Within the entries below, output exactly the lines between the line containing "To perform an" and the line containing "This has been our", inclusive, and omit any picture.

#### Input

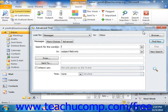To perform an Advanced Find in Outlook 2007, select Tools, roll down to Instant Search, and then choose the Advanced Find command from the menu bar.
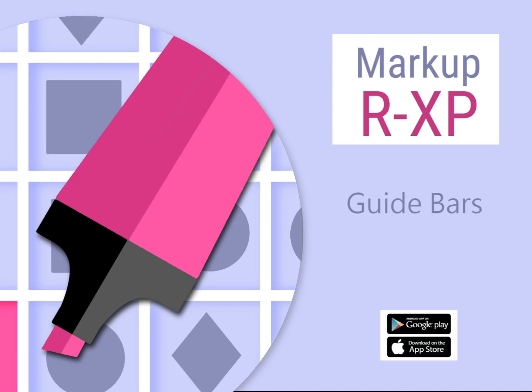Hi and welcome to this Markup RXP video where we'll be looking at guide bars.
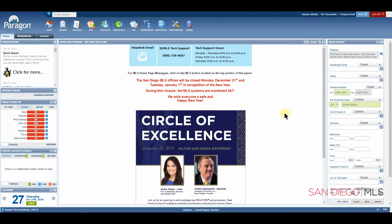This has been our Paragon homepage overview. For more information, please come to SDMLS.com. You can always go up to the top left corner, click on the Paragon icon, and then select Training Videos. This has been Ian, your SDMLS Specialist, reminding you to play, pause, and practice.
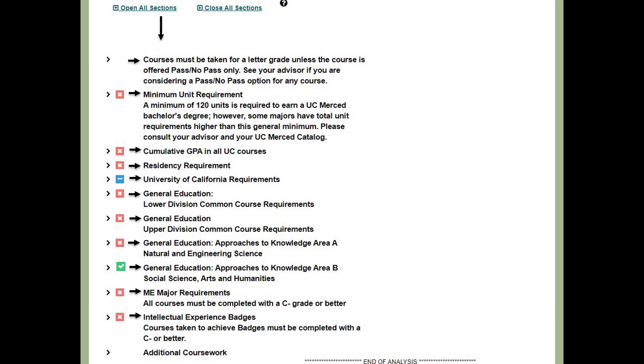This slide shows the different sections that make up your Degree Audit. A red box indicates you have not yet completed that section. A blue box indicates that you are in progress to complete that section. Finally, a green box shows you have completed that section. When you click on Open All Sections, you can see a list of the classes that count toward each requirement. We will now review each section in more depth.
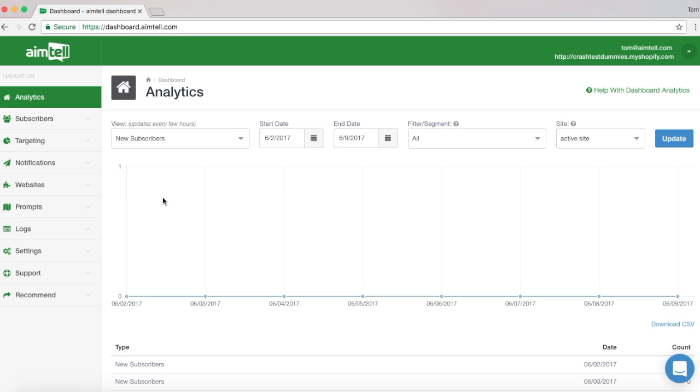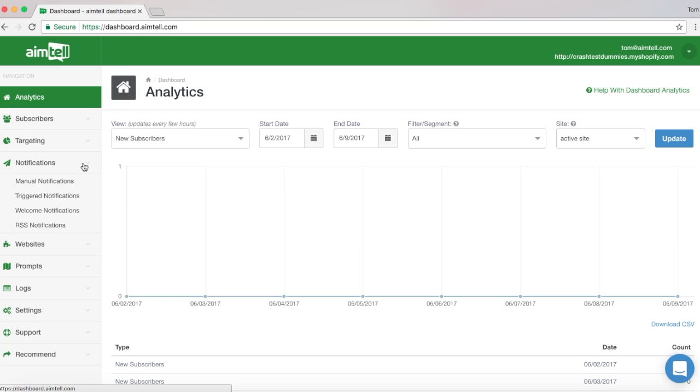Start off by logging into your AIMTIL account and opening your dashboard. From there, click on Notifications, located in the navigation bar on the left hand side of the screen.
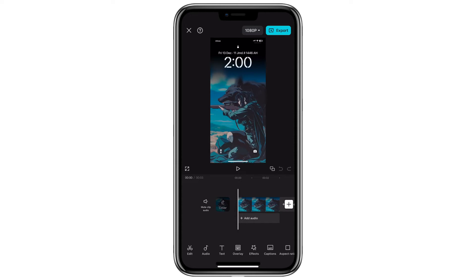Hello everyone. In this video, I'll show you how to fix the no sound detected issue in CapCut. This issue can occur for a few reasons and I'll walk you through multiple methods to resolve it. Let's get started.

########
#### Input

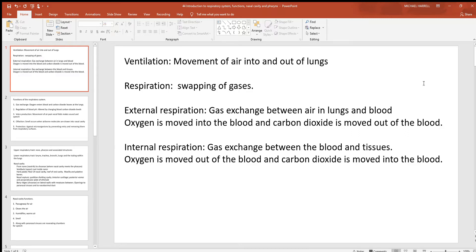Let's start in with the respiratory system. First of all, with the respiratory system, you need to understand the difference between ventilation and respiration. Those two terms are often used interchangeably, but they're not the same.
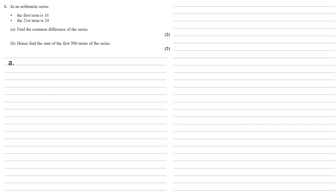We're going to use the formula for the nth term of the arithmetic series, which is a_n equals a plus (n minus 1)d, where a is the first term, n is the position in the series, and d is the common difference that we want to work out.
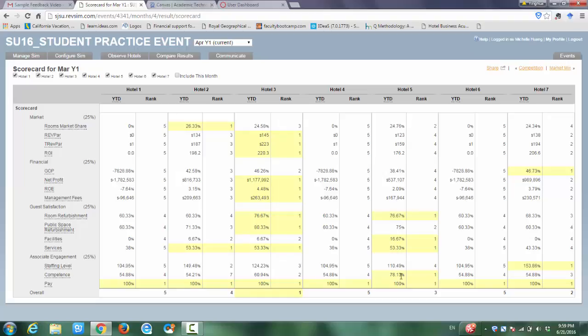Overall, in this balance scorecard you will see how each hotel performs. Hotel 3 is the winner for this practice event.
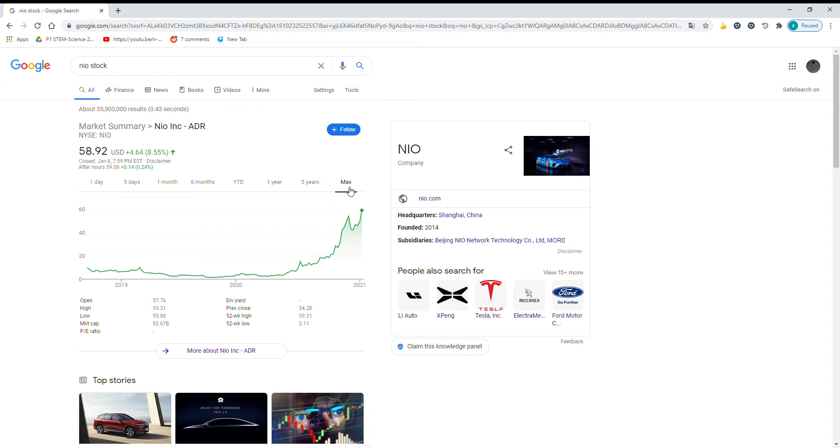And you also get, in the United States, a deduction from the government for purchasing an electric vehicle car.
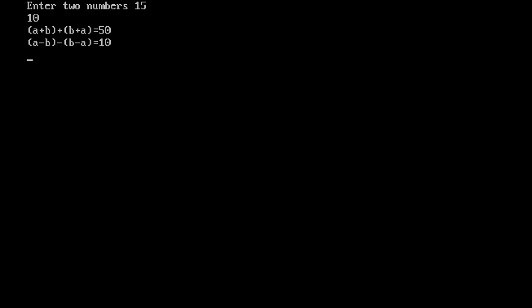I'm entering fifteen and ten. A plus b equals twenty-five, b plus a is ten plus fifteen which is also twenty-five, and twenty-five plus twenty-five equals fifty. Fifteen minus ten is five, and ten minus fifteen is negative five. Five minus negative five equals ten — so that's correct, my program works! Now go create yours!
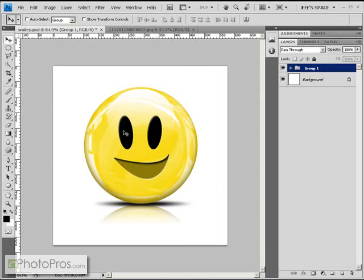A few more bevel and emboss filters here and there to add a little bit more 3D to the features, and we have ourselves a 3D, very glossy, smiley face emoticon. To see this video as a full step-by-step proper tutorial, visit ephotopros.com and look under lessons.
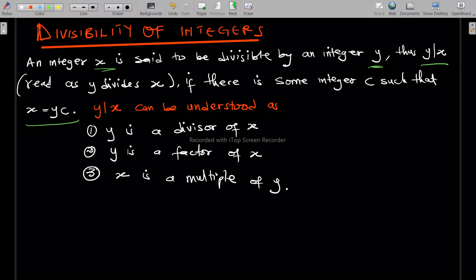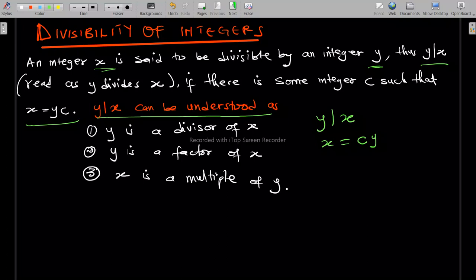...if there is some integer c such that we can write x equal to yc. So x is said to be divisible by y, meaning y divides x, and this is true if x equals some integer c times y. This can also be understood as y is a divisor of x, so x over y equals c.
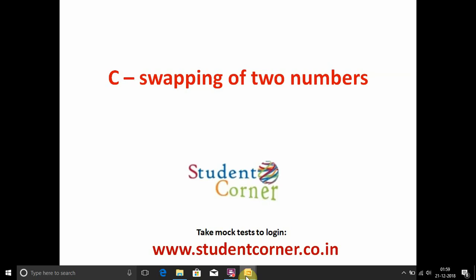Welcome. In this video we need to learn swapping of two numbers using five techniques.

########
#### Input

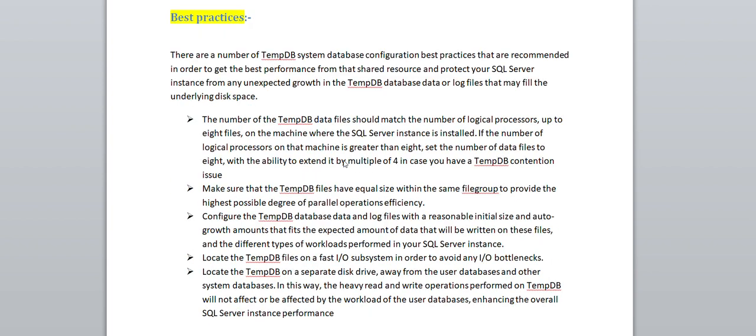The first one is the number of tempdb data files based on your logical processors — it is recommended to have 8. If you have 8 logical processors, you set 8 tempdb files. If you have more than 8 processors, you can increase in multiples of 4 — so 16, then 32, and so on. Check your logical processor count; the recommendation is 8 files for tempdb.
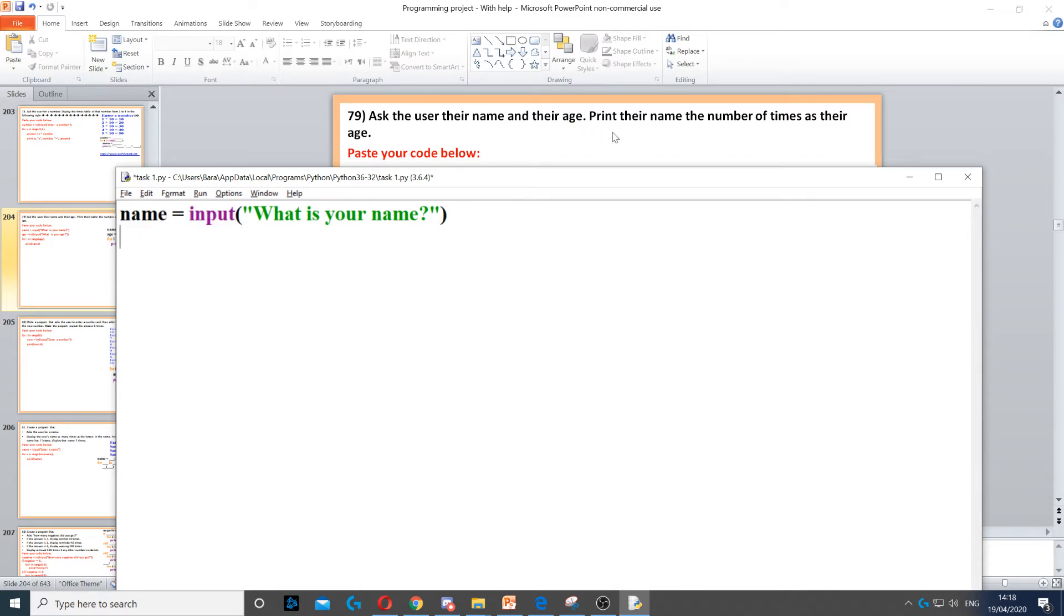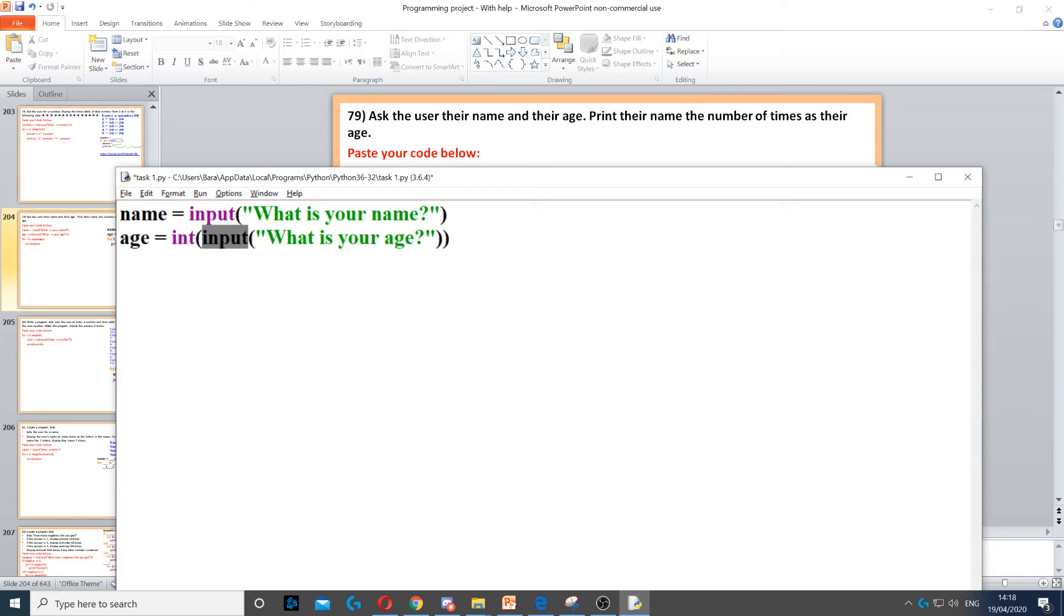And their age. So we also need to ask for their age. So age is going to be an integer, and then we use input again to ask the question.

########

Reply to the exercise:
To perform an Advanced Find in Outlook 2007, select Tools, roll down to Instant Search, and then choose the Advanced Find command from the menu bar.
Hi and welcome to this Markup RXP video where we'll be looking at guide bars.
This has been our Paragon homepage overview. For more information, please come to SDMLS.com. You can always go up to the top left corner, click on the Paragon icon, and then select Training Videos. This has been Ian, your SDMLS Specialist, reminding you to play, pause, and practice.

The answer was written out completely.